Jim Stallings, IBM’s vice president in charge of intellectual property, said in an interview – Reuters added -that the move was meant to encourage other companies to unlock patent portfolios in order to spur technological innovation.
And this Linux Insider article points out the obvious: this is a strategic move in the competition for platform dominance between IBM and Microsoft:
“IBM is doing this because it’s very invested in promoting open source,” Laura Didio, senior analyst, Yankee Group, told LinuxInsider. “The open-source community will embrace IBM wholeheartedly because of it.”
“It’s great that they’re doing this…. It will spur development,” Didio continued. “But it doesn’t make for totally blue skies and smooth sailing. You still have to have interoperability and integration with other OS environments, and it’s not just Windows, Mac and Unix. What about all the different flavors of Linux? IBM is not doing this because it wants to be the Mother Teresa of the IT world.”
Didio also questioned which patents IBM was sharing and said that the company still is not indemnifying its open source customers against potential patent infringement lawsuits.

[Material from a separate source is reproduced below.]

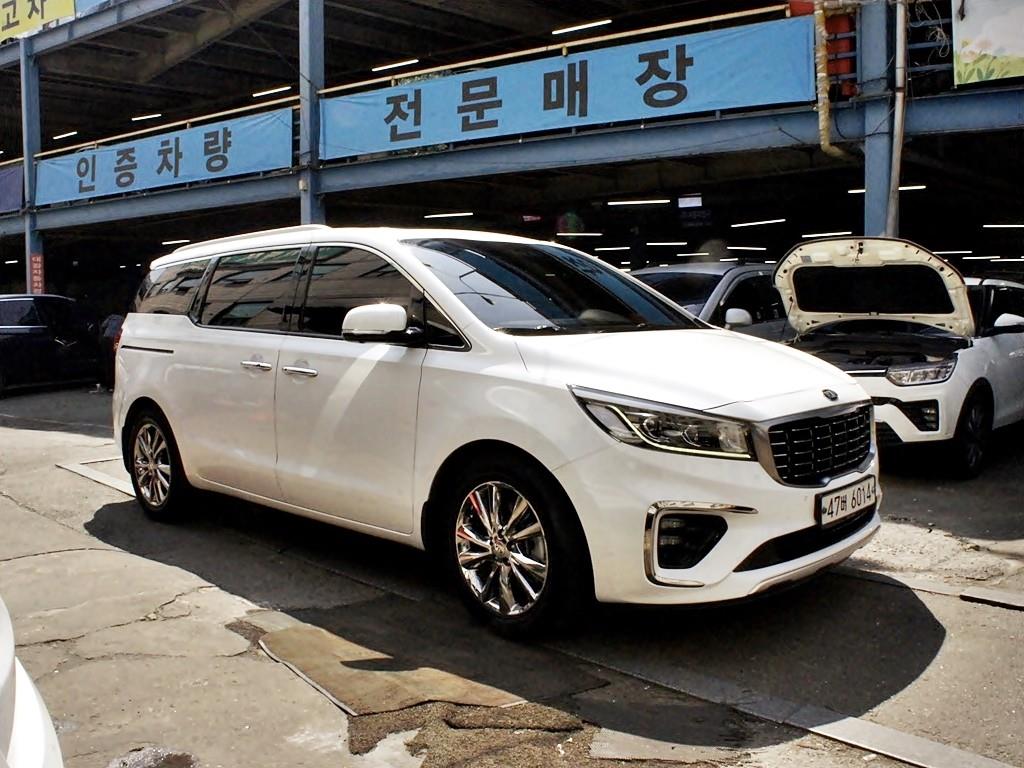 KIA Carnival - Vista 3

“People have to realize what they’re not getting. IBM is saying, ‘You can do with it what you will, but we’re not responsible for what you do with it,'” Didio said.
“The real end game here is the competition between the two industry giants, IBM and Microsoft,” Didio said.

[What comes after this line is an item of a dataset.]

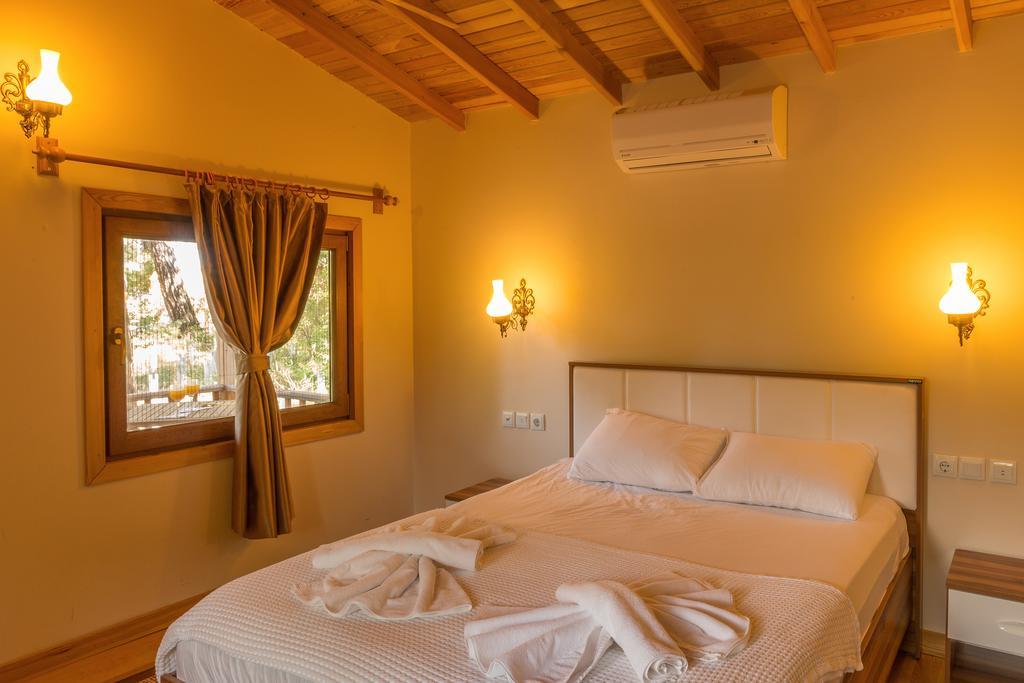 Secret Garden Hotel & Bungalows Чирали Номер фото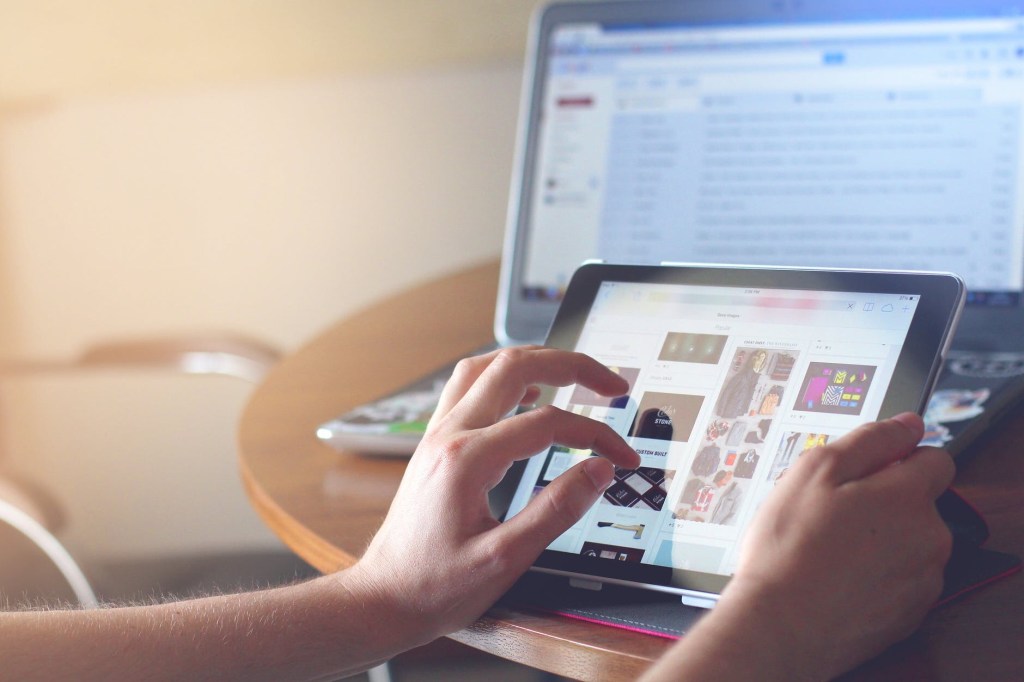 Digital marketing on a laptop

So what? Why is this important? First, it’s very important, but not necessarily because of the magnitude of the effect of the patents. In fact, 500 patents is only 20 percent of the patents that IBM filed in 2004 alone. So patenting is still a very important aspect of IBM’s R&D and business model.

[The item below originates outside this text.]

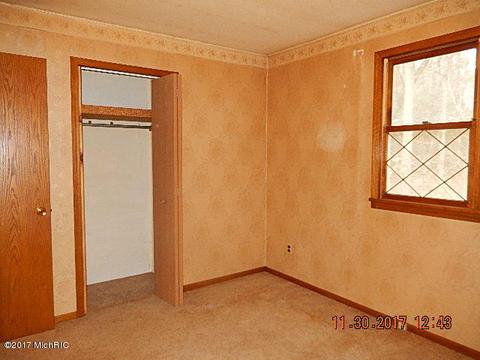 2543 E 82nd St, Newaygo, MI 49337 photo 6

But IBM is not being hypocritical, as some European anti-patent analysts contend, by saying that they will not enforce these 500 patents while still supporting a legal change in Europe that might lead to increased software patenting in the EU. The difference hinges on some of the important distinctions between the costs and benefits of defining property rights, and the costs and benefits of enforcing property rights.
By continuing to file patents, IBM indicates that it believes that the expected future value of the patented idea outweighs the discounted present value of the cost of acquiring the patent. That idea is not inconsistent with yesterday’s decision to stop enforcing particular patents, a move that indicates that the value to IBM of the patented idea being used in open source development is higher than its use in proprietary R&D and applications. They retain the property right, but they choose not to enforce it. They also are not going to assume any legal liability for the uses to which their patented ideas are put.
Yes, that does put some privately-owned resources into a common pool environment. But if the benefits of using some institutional arrangement to govern that commons are high enough (and transaction costs are low enough), then we should see some other rules governing the use of these patents. The typical rule used for doing so in the open-source community is that if you modify a piece of code, you have to make that modification public, and document it transparently. Part of that documentation should involve the acknowledgement of the use of the patented idea, under the express agreement of IBM to its use.
For a more scholarly treatment of these issues, and an application of them to the Black Death, see this paper that David Haddock and I wrote in the Journal of Legal Studies in 2002.
Clearly IBM sees these patents as having higher-value use in innovating open-source applications and environments, in the Schumpeterian quest for platform dominance. IBM has been on the down side of the perennial gale of creative destruction before, and it is innovating its business model in an attempt to keep the creative and avoid the destruction. But something has been beneficially destroyed here — the coupling of the patent right and the enforcement effort. They are two separate issues. Perhaps this shows a new way to reconcile patents and open source. Or maybe not. We’ll see!